Quand on parle du rap de Detroit aujourd'hui, c'est à Payroll Giovanni, Tee Grizzley, Sada Baby, Peezy, FMB DZ, Icewear Vezzo, voire aux ShittyBoyz, que l'on songe spontanément. Ces cinq dernières années, le rap de rue local a effacé la scène à laquelle la ville était autrefois associée, celle du hip-hop undeground, battle et backpacker qui a engendré des talents aussi divers et contrastés qu'Eminem et Jay Dilla.
Cette école existe toujours, pourtant, à travers la production traditionaliste et boom bap d'Apollo Brown et Black Milk. Elle a même encore beaucoup à nous offrir, grâce au plus neuf et au plus actuel de ses vétérans, ce Danny Brown qui a dû attendre d'avoir trente ans pour percer, à l'époque de l'album XXX. Alors qu'il approche maintenant de la quarantaine, il fait preuve de l'excentricité et de la créativité qui trop souvent, font défaut à ses collègues et à ses partenaires.
L'identité du producteur exécutif du dernier Danny Brown, en dit beaucoup. En confiant ce travail à Q-Tip, le rappeur de Detroit s'inscrit dans la lignée du rap-à-papa, certes, mais dans sa portion la plus psychédélique et la plus hallucinée.
Cette créativité, qu'il partage avec la tête de proue d'A Tribe Called Quest, aurait pu être la tare de Danny Brown. Son dernier opus par exemple, Atrocity Exhibition, avait de grands moments, mais il penchait souvent du mauvais côté de la musique de hipster. Le dernier, cependant, est à point. Une nouvelle sortie chez les laborantins anglais de Warp, ainsi que le renfort des expérimentateurs notoires Run The Jewel, JPEGMafia et Flying Lotus, auguraient de la même rudesse stylistique. Mais au contraire, cet album concis qu'est U Know What I'm Sayin? se montre plus accessible.
Danny Brown est un traditionnaliste qui, avec verve, s'en prend aux rappeurs de bas-étage sur le diss track "Theme Song". Il est un lyriciste qui cultive avec facilité l'art de la punchline, qui manie avec humour celui du bon mot improbable, comme avec l'intraduisible "papa was a rollin’ stone, so I sold rocks to him", sur le tube de l'album, ce "Dirty Laundry" produit par Q-Tip. Il démontre avec brio son aisance verbale et sa faculté à enchaîner d'improbables rimes internes, comme sur "Negro Spiritual". Le thème antique de la jungle urbaine est abordé sur "Combat", avec Q-Tip et Consequence. Il se contente le plus souvent d'une boucle simple, comme sur les titres "Theme Song" et "Savage Nomade". Sont évoqués enfin des rappeurs oubliés par la nouvelle génération, comme Digital Underground sur le même morceau, ou Mr. Serv-On de No Limit et MF Doom sur "3 Tearz", la collaboration avec El-P et Killer Mike.

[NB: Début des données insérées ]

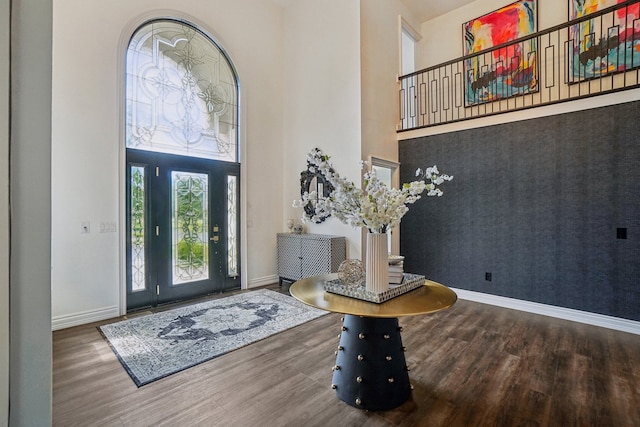 foyer with a high ceiling, baseboards, and wood finished floors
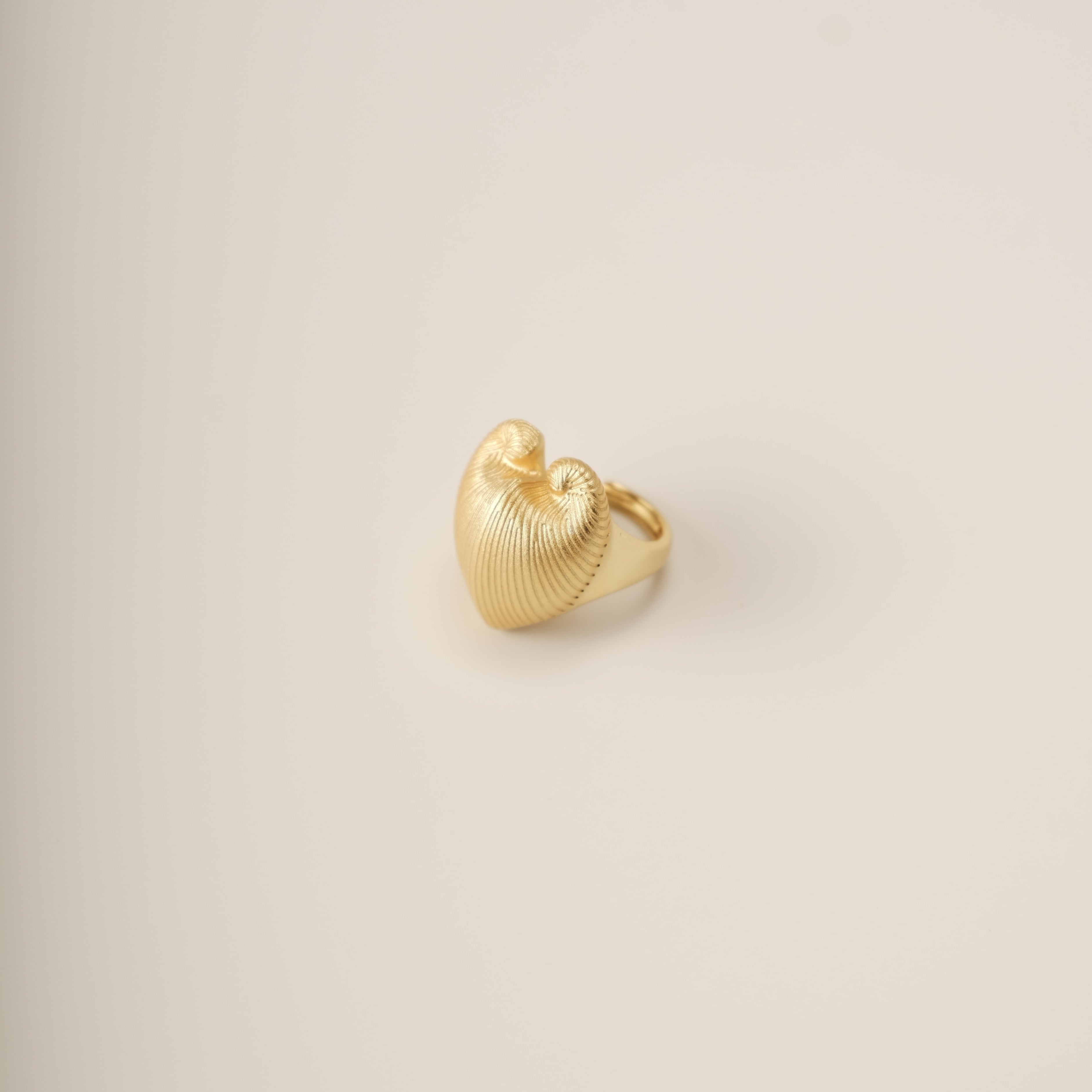 A sculptural ode to nature’s duality, the Meiocardia Vulgaris Heart Ring transforms the organic beauty of a rare marine shell into a bold, wearable statement. Crafted for those who seek depth in simplicity, this ring marries raw texture with refined elegance, embodying the balance of strength and sensitivity.
Design & Craftsmanship:
Dual-Texture Band: The ring’s surface transitions from rugged, shell-inspired ridges to a smooth, polished heart motif at its center—meticulously modeled from a 3D scan of the M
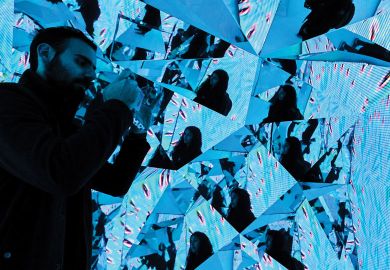 SYDNEY, AUSTRALIA - JUNE 06: A couple taking photos in an installation in the Samsung Galaxy Studio SYDNEY, AUSTRALIA - JUNE 06: A couple taking photos in an installation in the Samsung Galaxy Studio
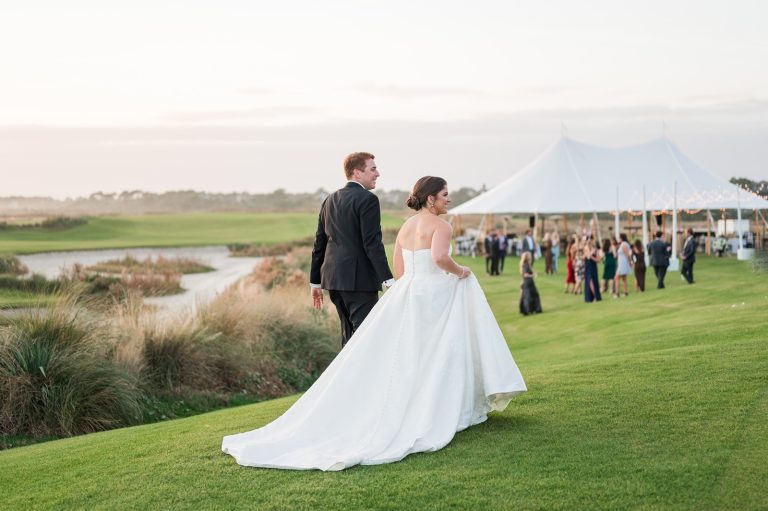 white sail tent on golf course for wedding reception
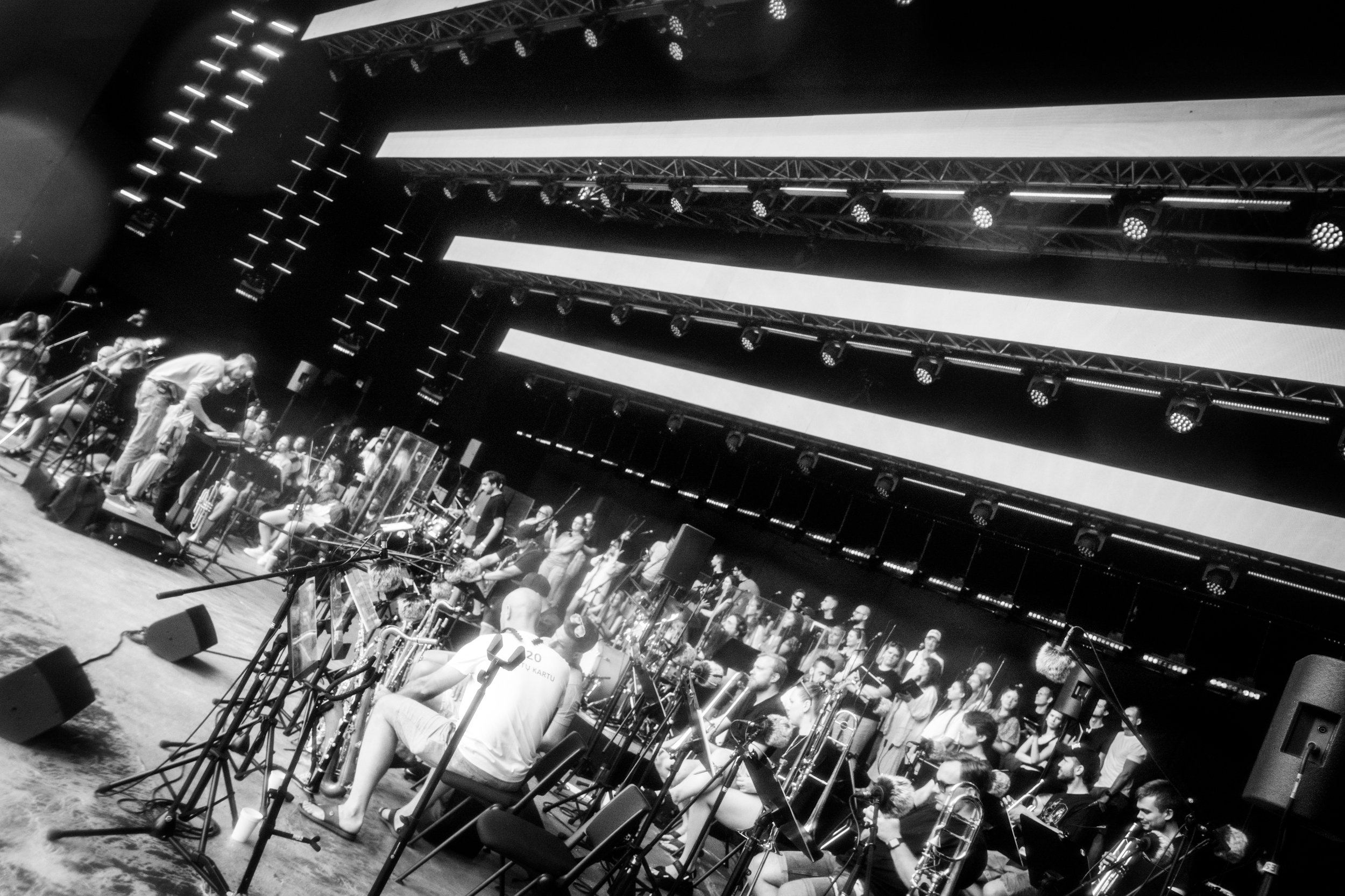 A large group of musicians and singers performing on a stage with extensive lighting and large screens above them.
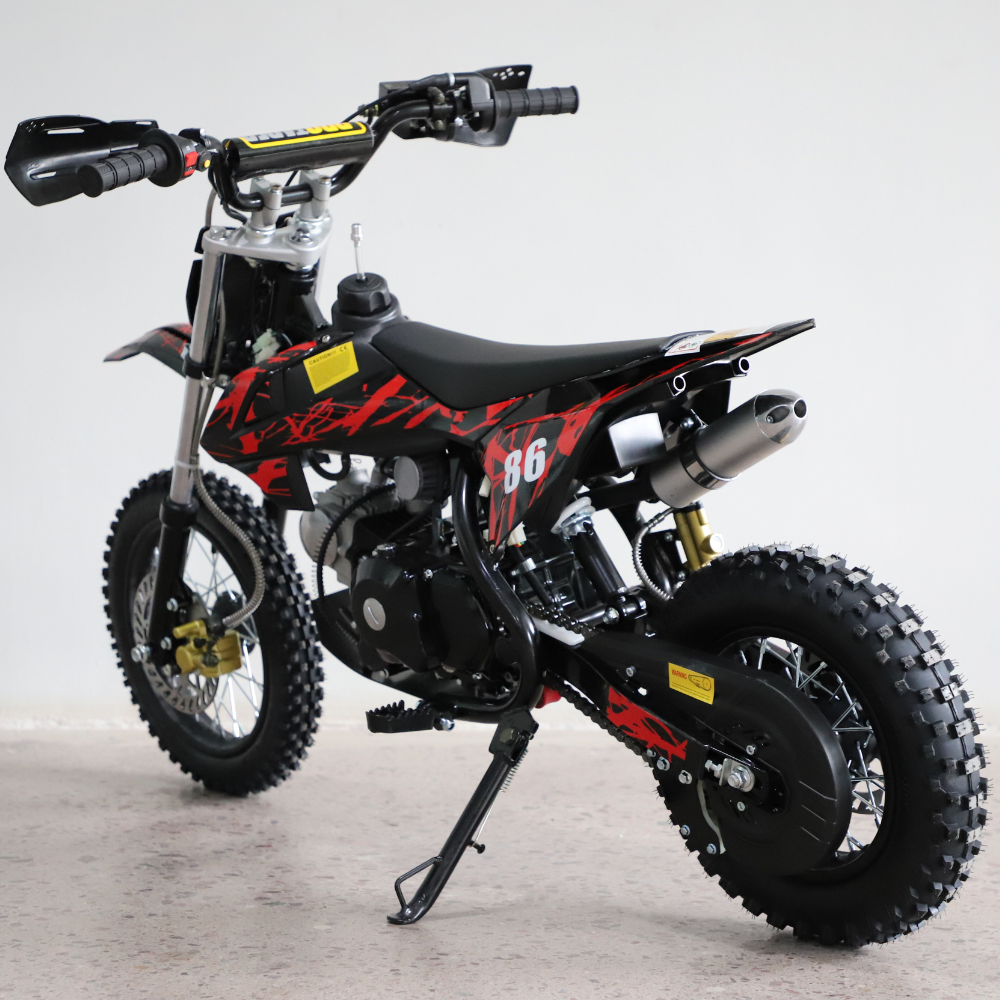 Left-side view of the dirt bike, showing kickstand down and full profile with visible engine and frame.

Mais ce qui distingue Danny Brown, c'est qu'il n'est pas un gardien du temple : il est, bien au contraire, un fantaisiste.
L'humour est premier sur cette sortie qu'il appelle son comedy album. Il le prouve sur "Dirty Laundry", qui relate ses escapades sexuelles. Ce style scabreux est aussi à l'oeuvre sur "Belly Of The Beast", l'un des rares moments de l'album où sa musique s'adonne encore au culte de l'expérimentation.
Contrairement à certains de ses collègues, le rappeur de Detroit n'est pas un passéiste. Le passé, à l'inverse, il compte bien le laisser derrière lui. Les difficultés de son existence, il prétend les solder dès "Change Up", sur "uknowhatimsayin¿" et sur "My Best Life", un titre où le rappeur dit vouloir profiter de la dernière vie qu'il lui reste. La résilience, en effet, est le thème principal de cet album. Et avec Danny Brown, le vieux rap de Detroit en fait sacrément preuve.